Many things have come and gone in the span of a century. Alma B. Williams of Midway still has the clarity of mind and whimsical wit to recall them all.

Williams will celebrate her 100th birthday Saturday.

“It means a whole lot,” Williams said about her momentous milestone. “It means the Lord is blessing me and I know he loves because he has blessed me to be 100, I know he loves me. And I love him, too.”

Asked to share her secret to longevity, Williams said it has a lot more to do with being spiritually clean than just eating right or exercising.

“Be nice, be honest, be truthful in whatever they do … always be truthful,” she said.

When she was born July 4, 1915, Williams’ family home was in the area once known as McIntosh community. She’s lived in the same house where her parents, Miss Hattie Roberts and Mr. Douse Hendry, taught all their children how to live off the land, fend for themselves and always respect their elders.

“We grew all our own food,” Williams’ daughter Kathleen McLean said, adding that her dad, David B. Williams, kept up the traditional lifestyle that included growing their own vegetables and tending to their own chickens and goats.

That’s just the way it was back then McLean said. And she thinks the hard work of tending to her family’s need as well as the strong faith her mother has in God has sustained her mom’s health and fortitude all these years.

Williams said she attended school at Dorchester Academy and studied until she reached the ninth grade.

“I remember I had a stage dance by myself at Dorchester Academy,” she said with a smile. “And my teacher made me a black-and-white paper dress for me to dance in. Boy, did I like that.”

After school, Williams left Midway briefly and worked in New York and Maryland. But she soon found her way back home and has never left since.

Williams married David B. Williams in 1934, taking in his six children as her own before they added two more to the family: son Paul Williams and daughter McLean. She now has 13 grandchildren, 29 great-grandchildren and 10 great-great grandchildren. David, a bus driver who retired from the Liberty County Board of Education, passed away Christmas Day 1992, but the love of her family and church friends have sustained her passion to help others and serve God.

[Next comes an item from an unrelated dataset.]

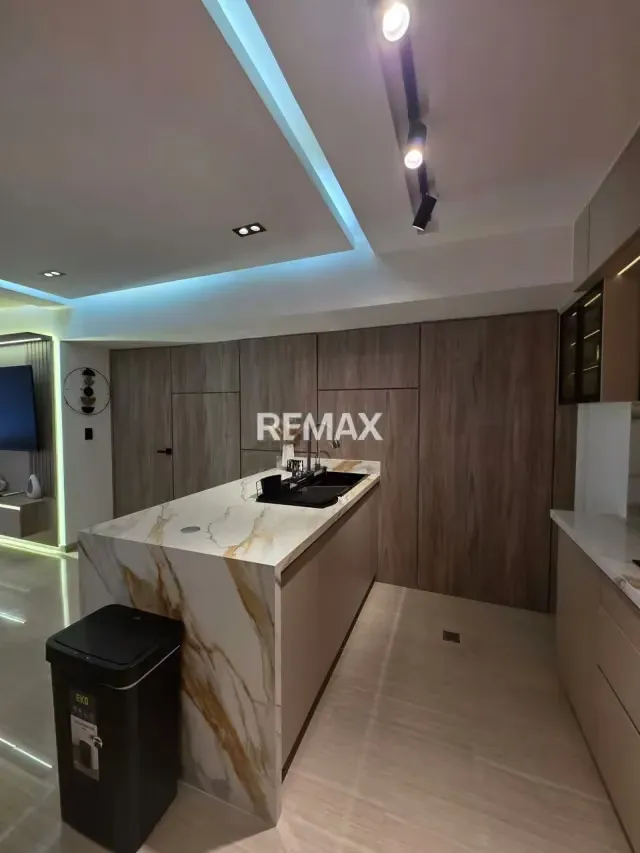 SE VENDE ESPECTACULAR APARTAMENTO EN LA URBANIZACION LA TRIGALEÑA - 14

Williams is a longtime parishioner of Thebes AME Church in Midway, where she has served in the senior choir, as secretary of the missionary board and the stewardess board, and as senior-class Sunday-school teacher.

She said her mother asked her to learn a recitation in 1932 about Jesus and Easter.

“My mom told me you better learn it, and you better not balk, either,” she said, laughing. “Up until today, I remember that recitation. I say it for many people.”

Without hesitation, Williams recited the poem, which retells the crucifixion and resurrection of Jesus Christ.

“I remember it because it is all about Jesus; that is why I remember so well … what the Romans did to Jesus is what stayed in my mind,” she said.

Williams said things were different when she was growing up.

“Things were quite different from now … even the kids … when I was growing up, if the kids did wrong, they got a whipping … these days, they even stop the parents from punishing their own kids, and they don’t know that that can ruin the kids … if you chastise your kids, they are going to remember … when their mind tells them to do wrong, they will remember why they should not do wrong,” she said.

McLean said the folks at Thebes AME Church are planning a surprise celebration at 4 p.m. Saturday that is sure to outdo any fireworks display planned for Independence Day. McLean is looking to spread the word so everyone in the community can come out.

“She is healthy. She has stamina and I pray that I can make it to where she is right now,” McLean said, noting that Williams’ older sister in Pennsylvania just turned 103. “I don’t know the future, but I pray I can make it … she has taught me everything I know … I see her strength and I hope that I can hold on to that and go on.”